Havana isn’t the most complex character, and in fact Moore’s screentime is more limited than you would expect for a leading role, but she she brought out so many facets and layers of the character that she really stood out to among the entire cast. The scenes where she is haunted by the visions of her dead mother were really messed up and funny (in a dark way), and I think Moore really handled the delicate balance between the dark humour and disturbing nature of these scenes very well. I mean, it’s kinda funny when her imaginary “mother” insults her tits and stuff like that, but the whole situation in itself is just sad and messed up.

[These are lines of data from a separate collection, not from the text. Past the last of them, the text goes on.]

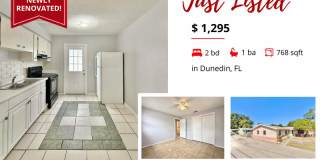 972 San Christopher Drive - 972 972 San Christopher Drive - 972 Gallery 1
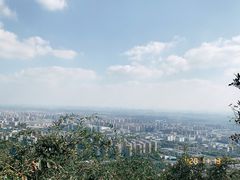 -杭州半山国家森林公园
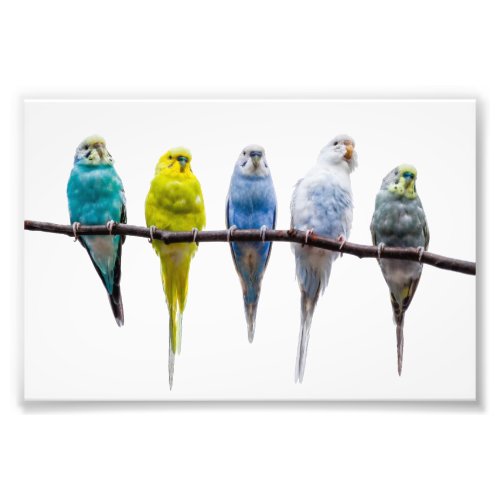 Budgies Photo Print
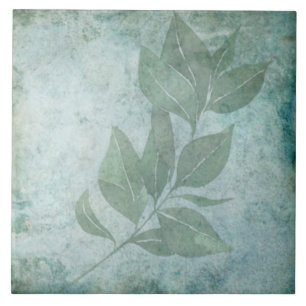 Oudere Botanische Tegel - Aqua en Bone V6 Tegeltje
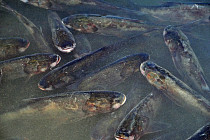 На реке Ангрен незаконно выловили 6942 рыбы – Генпрокуратура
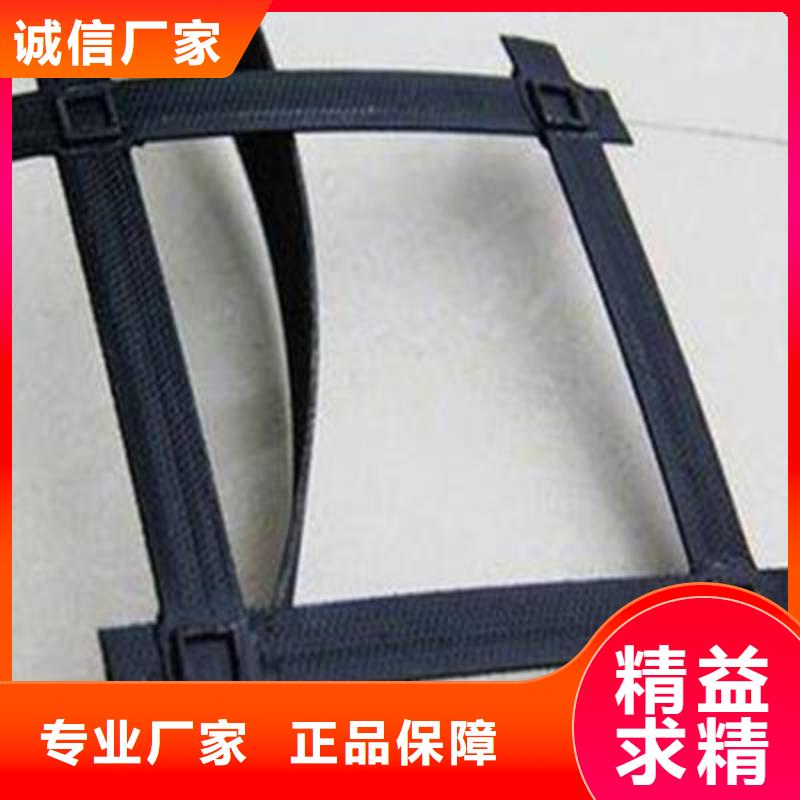 钢塑土工格栅可靠的商家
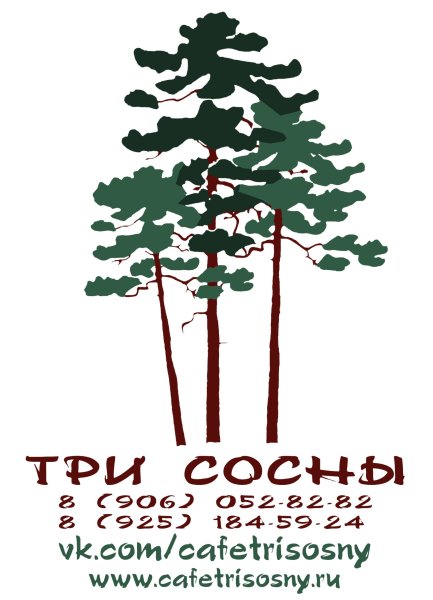 Сосны за окном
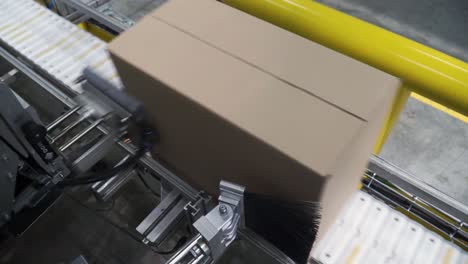 automated cardboard box packaging line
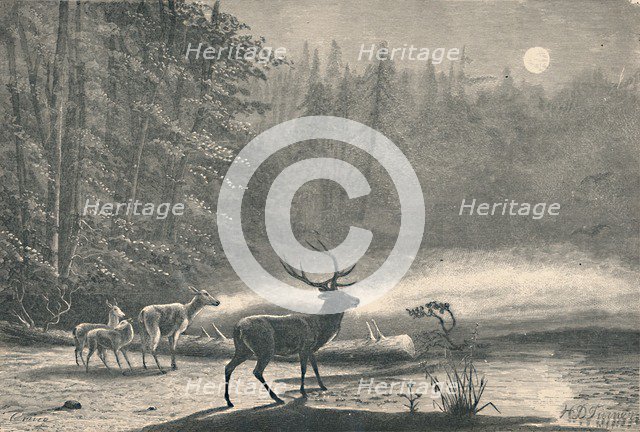 'Deer on Lake St. Regis, at night', 1883. Artist: Unknown.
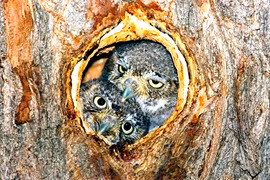 Bật mí thú vị loài cú nhỏ nhất thế giới, nặng bằng trái bóng golf 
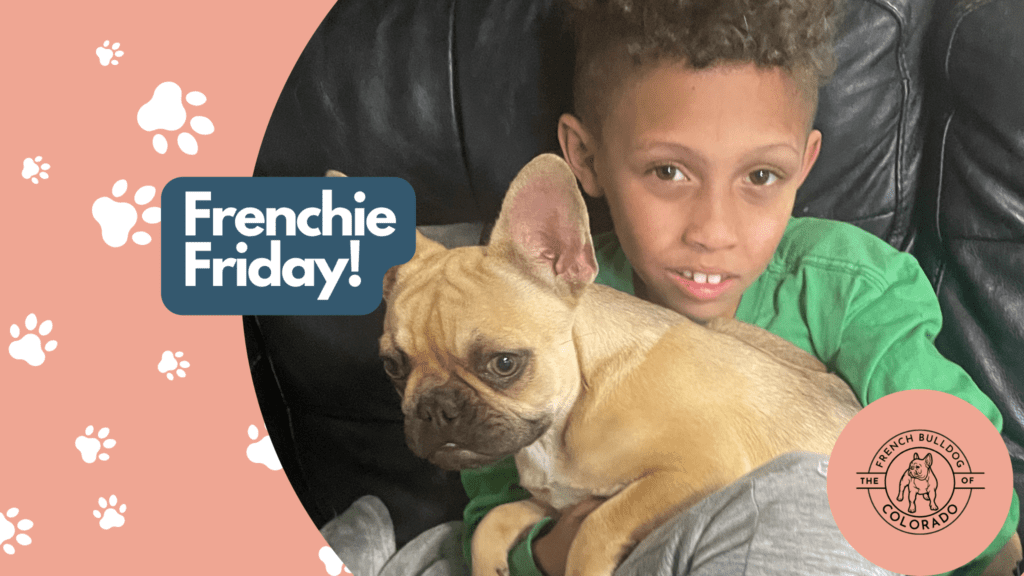 Frenchie Friday November 18th, 2022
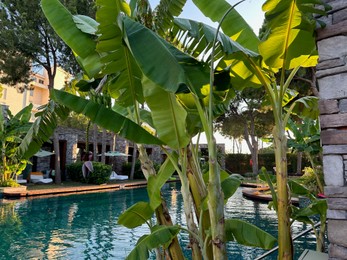 Photo of Outdoor swimming pool with clear water at luxury resort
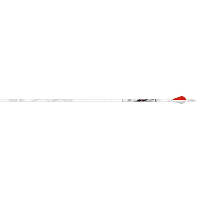 Beman ICS White Out Arrows 300 XPV Vanes 6 pk.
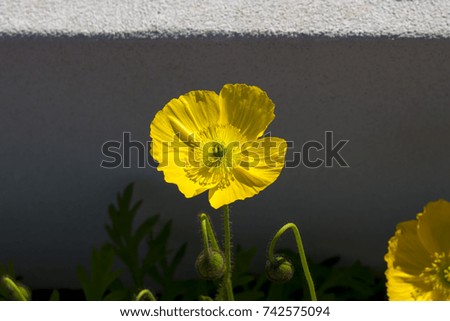 Dazzling  yellow  poppies  flowering plants in the subfamily Papaveroideae  family Papaveraceae colorful single  herbaceous plant, flowering in spring are a  charming and decorative plant.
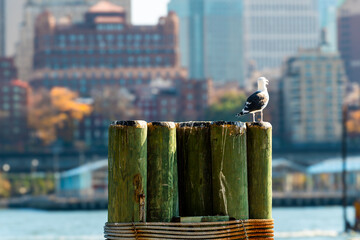 A seagull perched on a Manhattan Ferry pier with the east river end the buildings of Brooklyn...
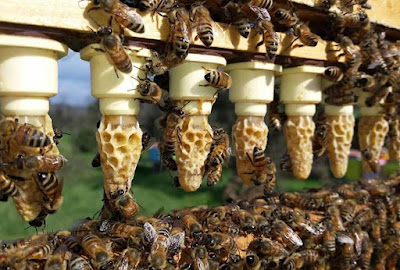 Απαραίτητοι χειρισμοί για Βασιλοτροφια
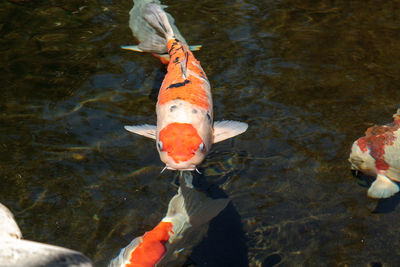 High angle view of koi carps swimming in water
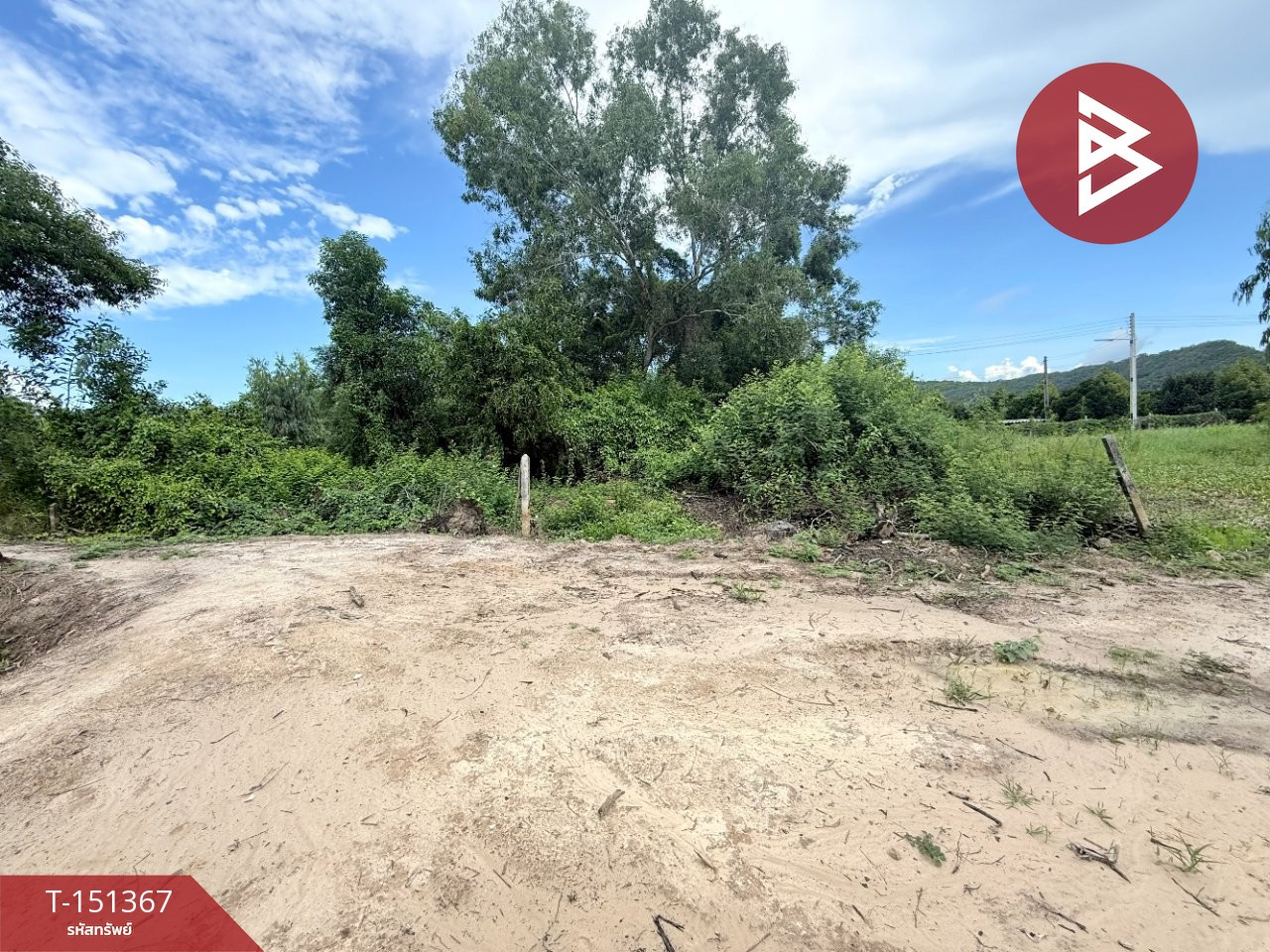 Land for sale, area 3 rai 1 ngan 5 sq m, Tha Mai, Chanthaburi. – รูปที่ 3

I wouldn’t say that I empathised with Havana – I think it is pretty clear that you’re not meant to like any of the characters in this film or feel sorry for them, but I’ll give it to Moore to actually make me care about Havana, or at least find her interesting. (Cause frankly speaking, I couldn’t care less about Benjie and his spooky girl visions)
To me, the highlight of the performance comes from the scene where she learns that the the son of the actress playing the role she was vying for has died. Moore was just brilliant there – the initial fake concern and “shock”, then pretending that she couldn’t accept the role, and then her little song and dance number afterwards to celebrate her getting the role. Havana’s such a two-faced bitch, and while I feel bad for admitting it, it’s actually kinda fun to watch. Watching her pretend to care about Agatha (played brilliantly by Mia Wasikowska), and then screwing her boyfriend/partner/companion (?) afterwards, it’s all just so pathetic and disgusting, but amazingly enough Moore brought out the humour behind the absurdity of the situations.
To sum it up, I think Julianne Moore is terrific here, as usual. Her movie does try to overshadow her, and I understand why some people argue she is supporting (which I really disagree), but to me stands out as the most memorable performer in her strange film. It’s a strong piece of work by a talented actress.
And congrats to Moore for being the fourth performer after Katharine Hepburn, Geraldine Page and Walter Huston to have more than one performance discussed on this blog. Lol.